Wagering on sports events is allowed in only four states in the U.S. but many people believe that legalization could help reduce instances of pervasive gambling and sports law violations.
In September, a U.S. District Court judge ruled that the Garden State's sports betting law is overruled by a 1992 federal law that prohibits gambling in 46 states. However, Gov. Christie - and his supporters - said that the Professional and Amateur Sports Protection Act of 1992 violates the U.S. Constitution because it "commandeers" a state's authority.
Lawyers for the state wrote that the decision to shoot down New Jersey's sports betting law was "bizarre," because it was strongly supported.

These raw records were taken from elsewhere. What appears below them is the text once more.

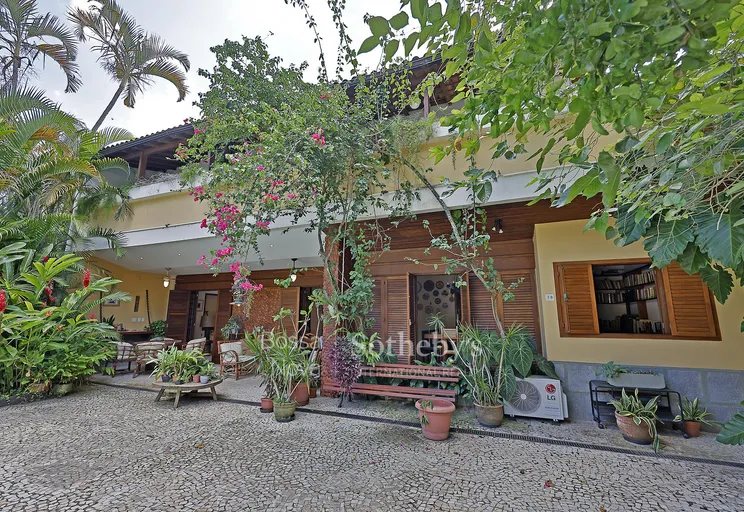 Fachada da casa - Imagem 5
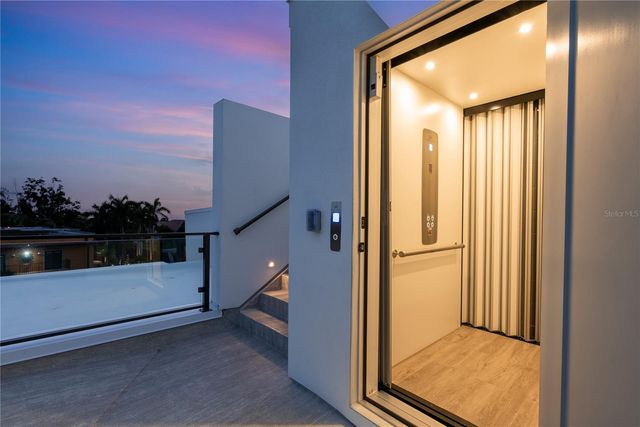 519 ROUNTREE DRIVE, Longboat Key, FL 34228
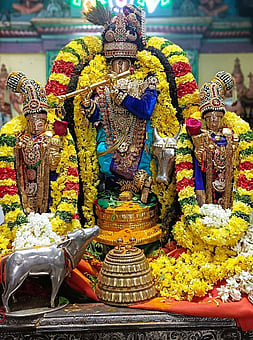 கடன் பிரச்னையைத் தீர்க்கும் வேணுகோபாலன்!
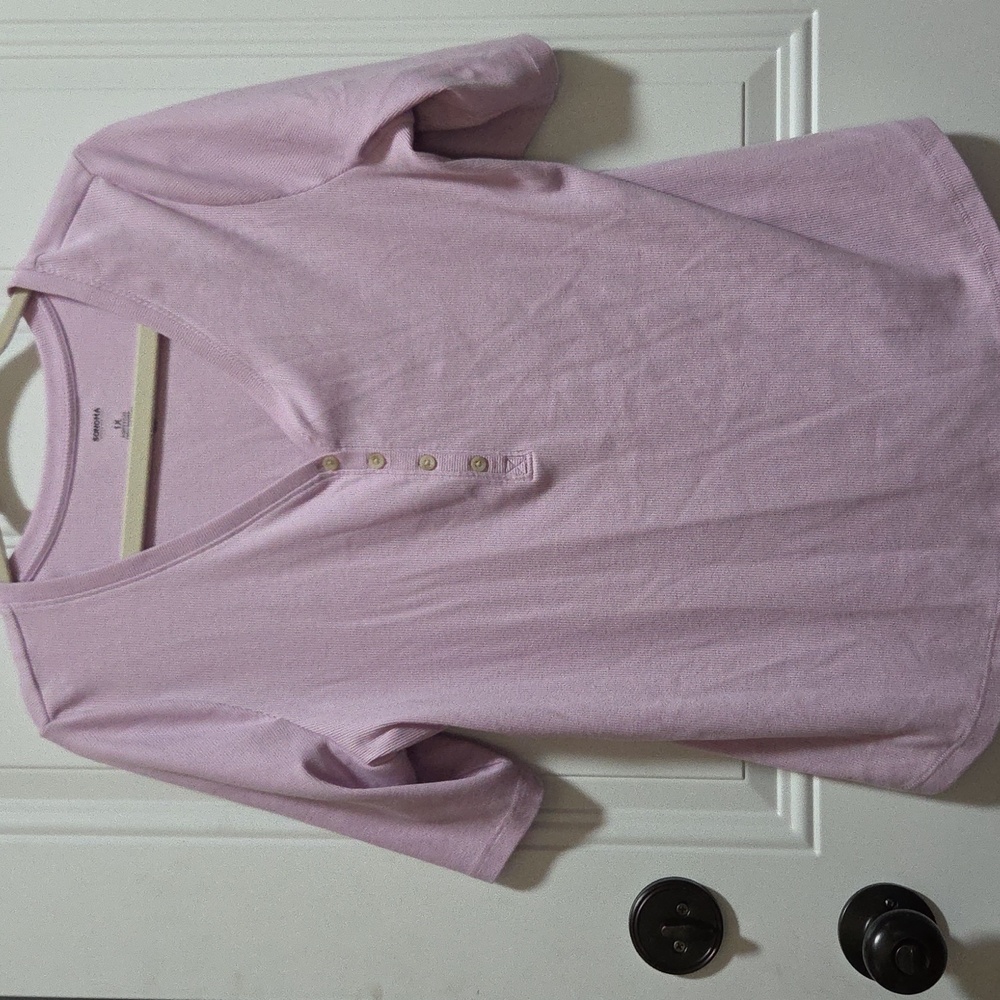 Sonoma Light Purple V Neck Tee 1X. Womens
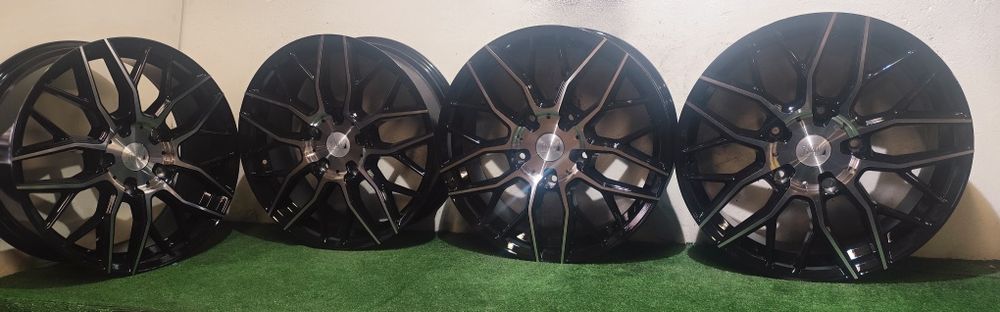 Felgi aluminiowe 20"8J 5x160 Et50 Ford Custom Transit Nowe Demo BDB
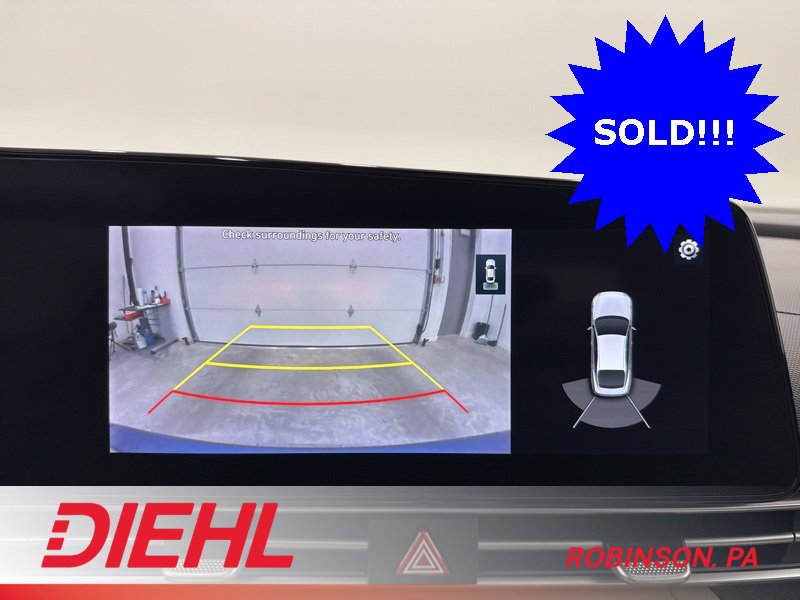 Used 2021 Hyundai Elantra Limited image 29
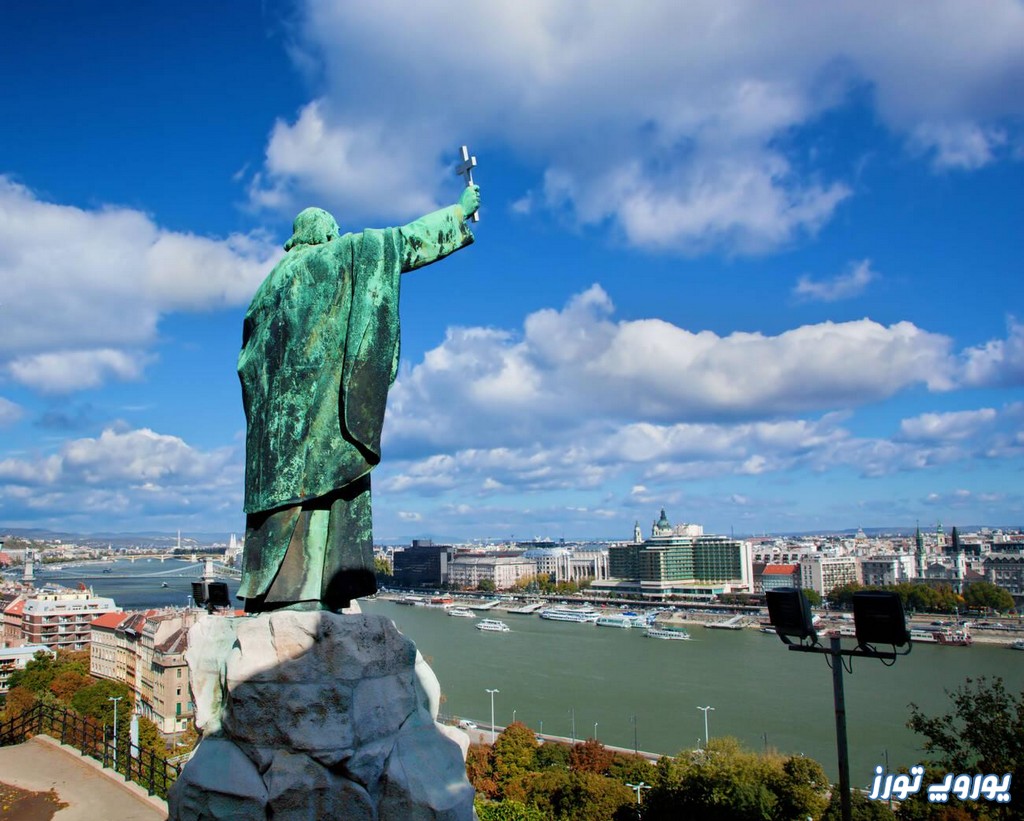 بهترین زمان برای بازدید از میدان سکینی بوداپست | یوروپ تورز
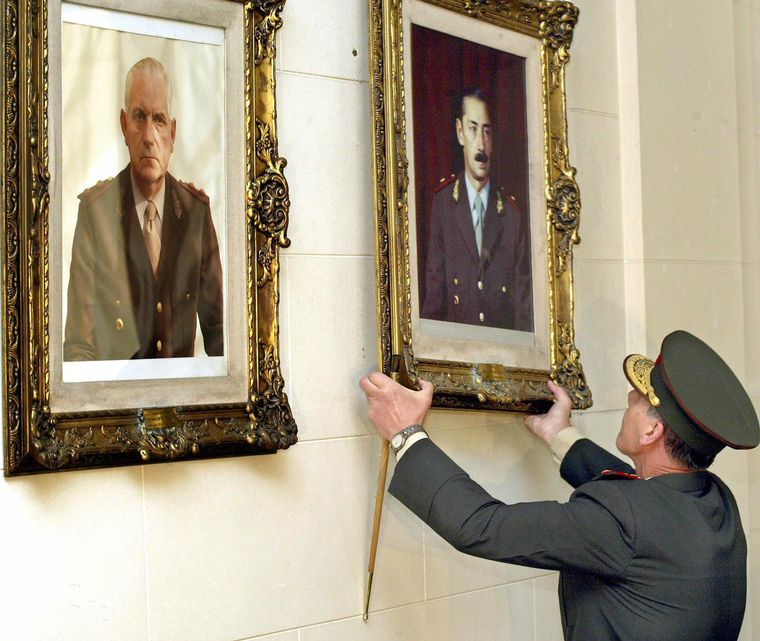 Murió Roberto Bendini, el jefe del Ejército que bajó los cuadros de Videla y Bignone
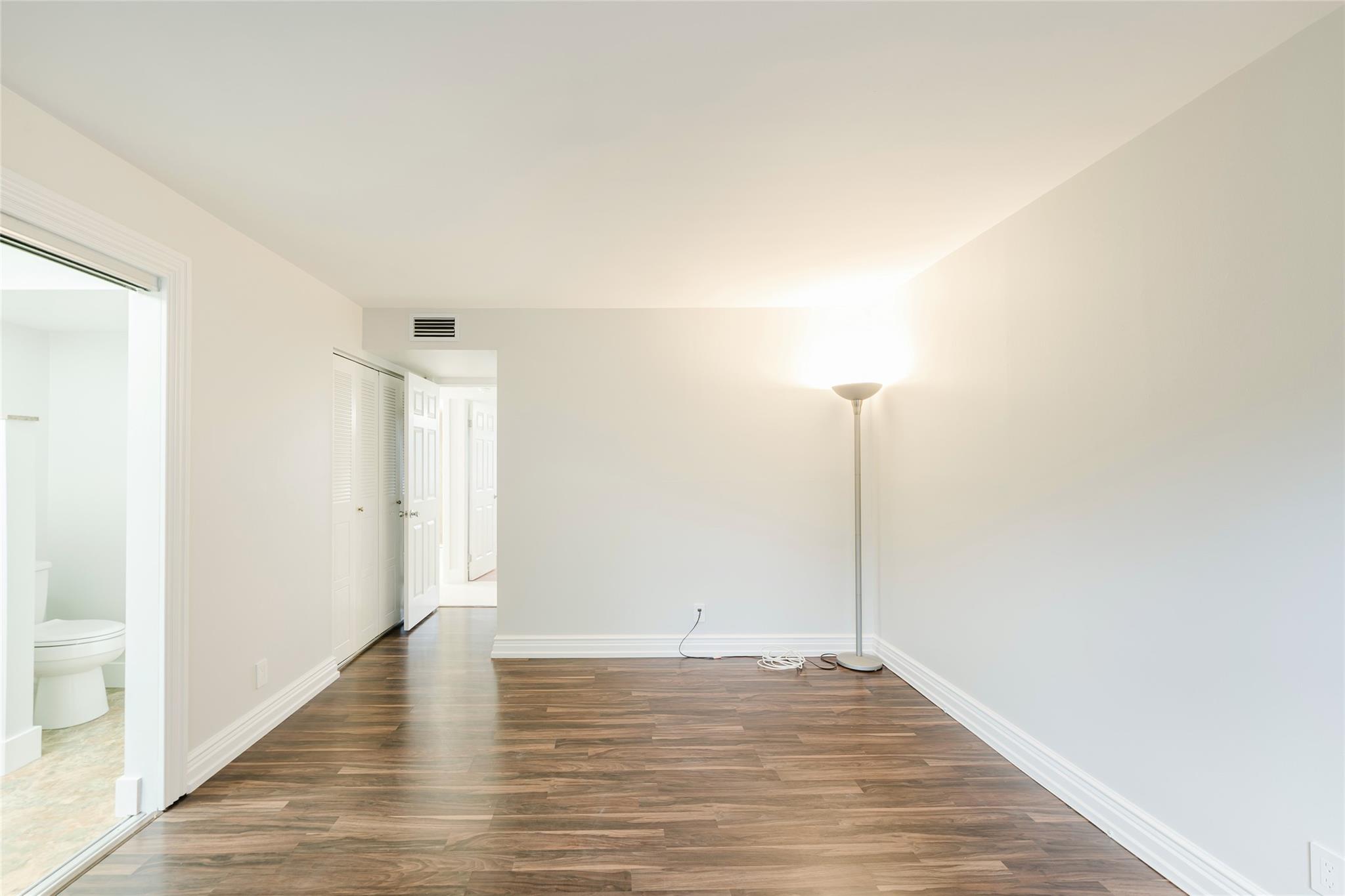 Photo for 9440 SW 8th Street, 207, Boca Raton, FL 33428 - Listing #FX-10517135 9440 SW 8th Street, 207, Boca Raton, FL 33428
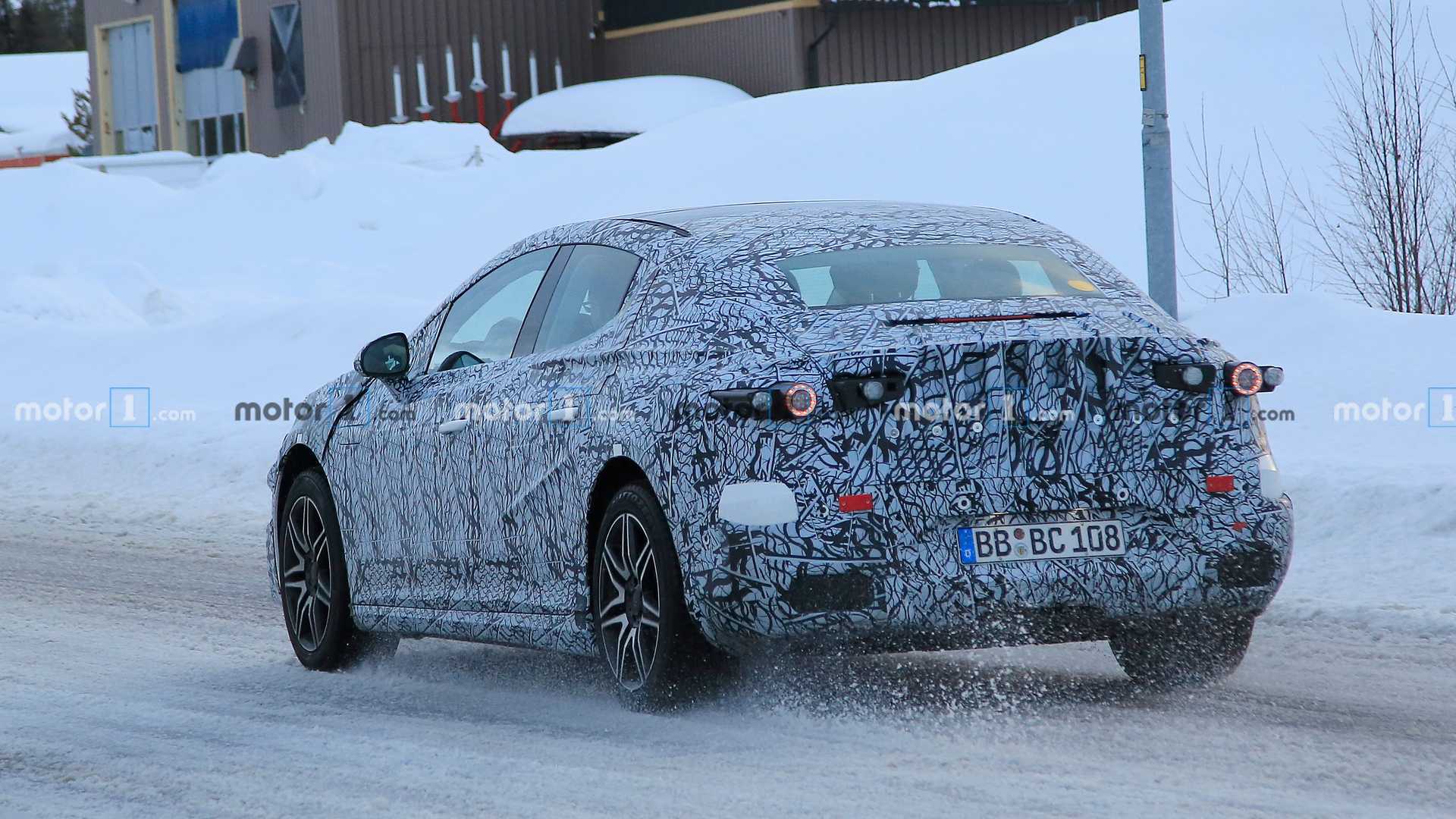 mercedes-benz-eqe-spy-photo.jpg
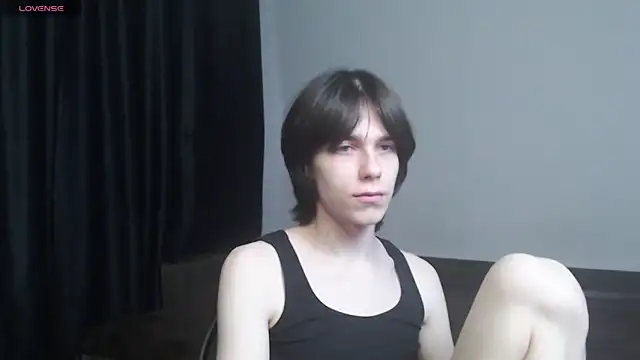 Snapshot of mason_silver chatting on 05-05-26, 08:00 mason silver online show from 05-05-26, 08:00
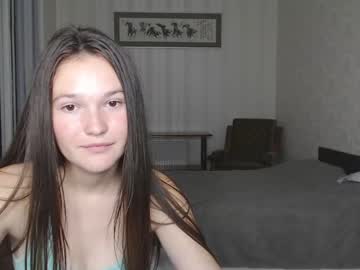 girl
        real_nature cam image #2718587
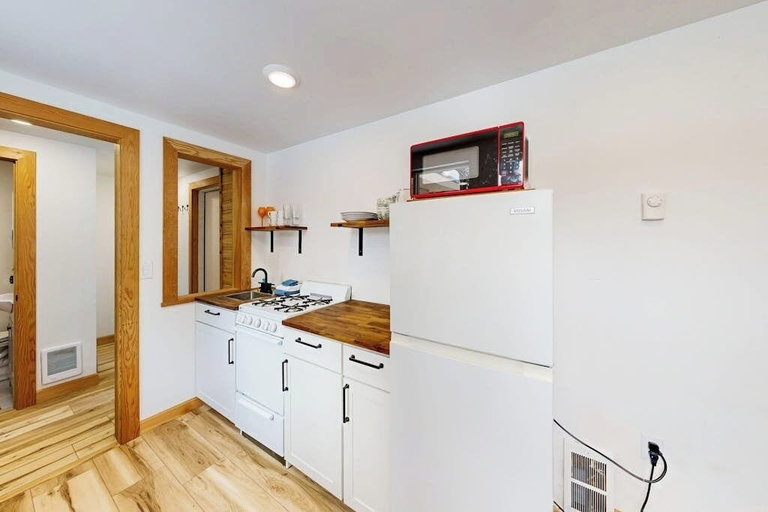 Interior 4, Container-home Cottage Near Alyeska & Double Musky, Anchorage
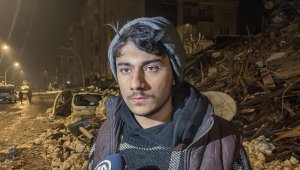 Enkaz altında yaptığı sosyal medya paylaşımıyla hayata tutundu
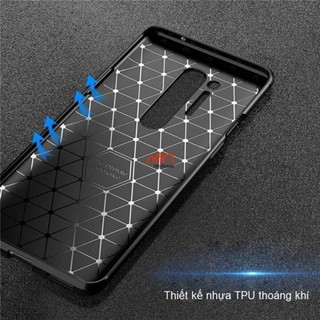 Ốp lưng mềm vân carbon OnePlus 8 Pro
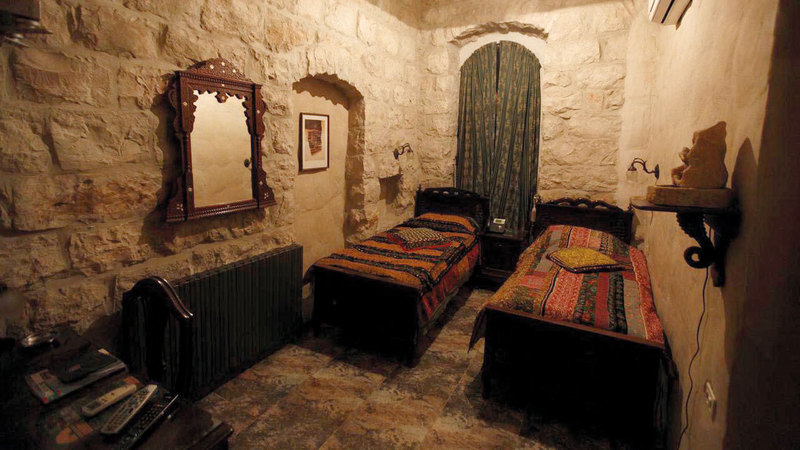 فنادق البلدة القديمة تعود نشأتها للعهد العثماني. من المصدر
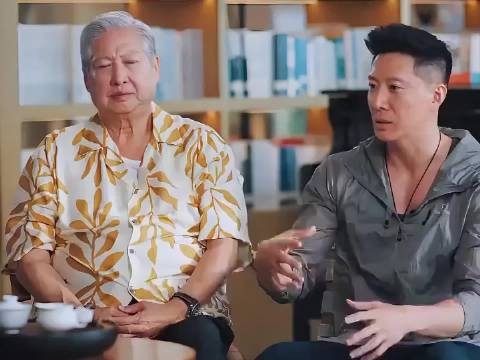 洪金宝：林正英喝酒后看谁不顺眼就会动手，成龙都被他揍过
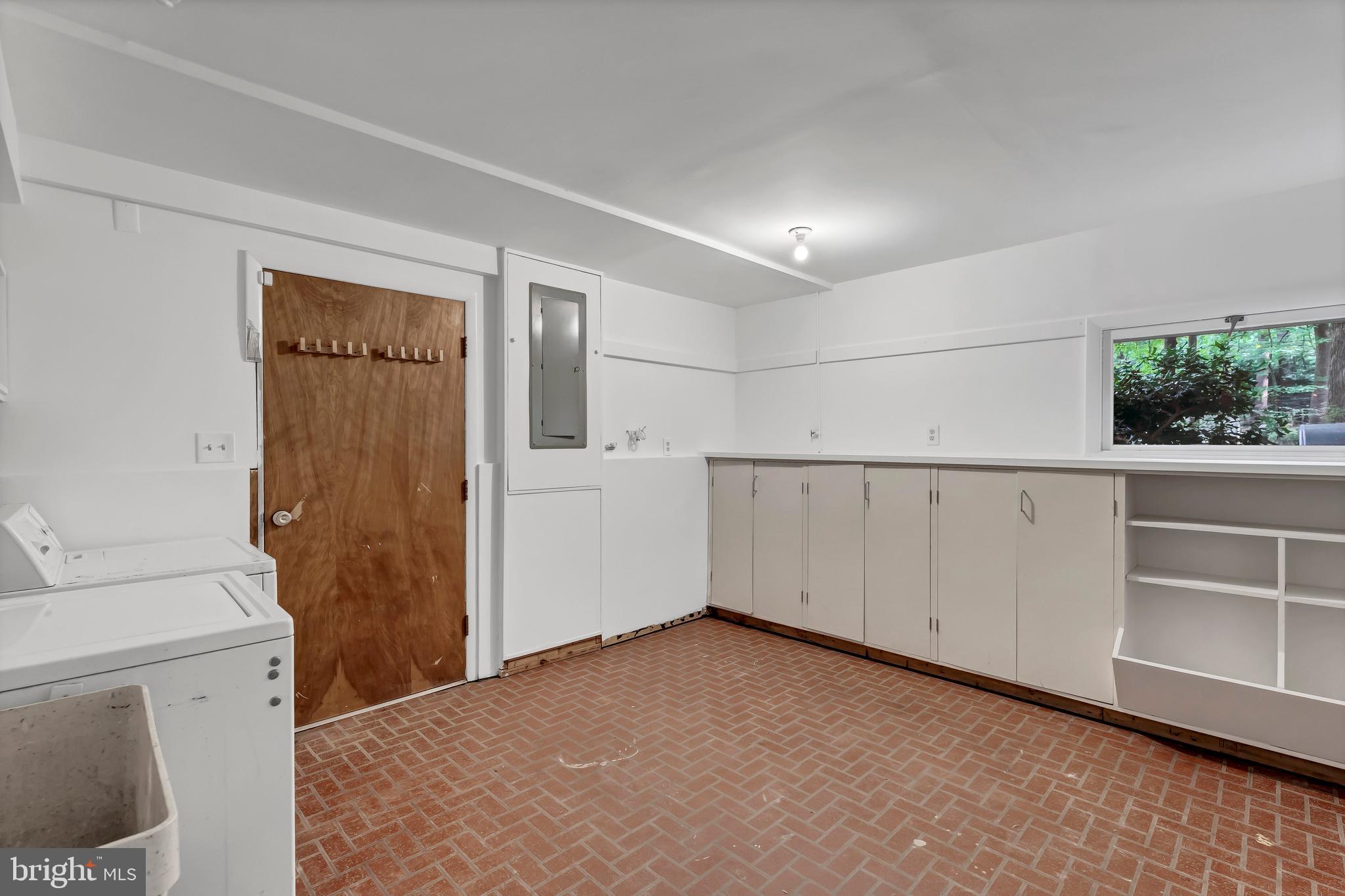 12211 Brookhaven Drive Silver Spring, MD 20902 - Photo 40 of 54 Mudroom / Laundry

"New Jersey's effort to shift sports wagering out of black markets and into closely regulated casinos and racetracks was approved by overwhelming majorities of the electorate and the Legislature," the state's attorneys said.
State Sen. Raymond Lesniak - one of the biggest supporters of sports betting in New Jersey - said the state is seeking a rehearing because it would allow them to argue the case sooner and it already has one judge in favor. Also, if the appeal is won, the judges could legalize sports betting in the Garden State while the Supreme Court hears the case.
Legalizing sports betting in New Jersey could help the state generate a significant amount of income. Each year, it is estimated that $380 billion is wagered illegally across the country, according to the American Gaming Association. The Garden State has been experiencing budget problems for quite some time, and the income from sports wagering could help solve some of the problems.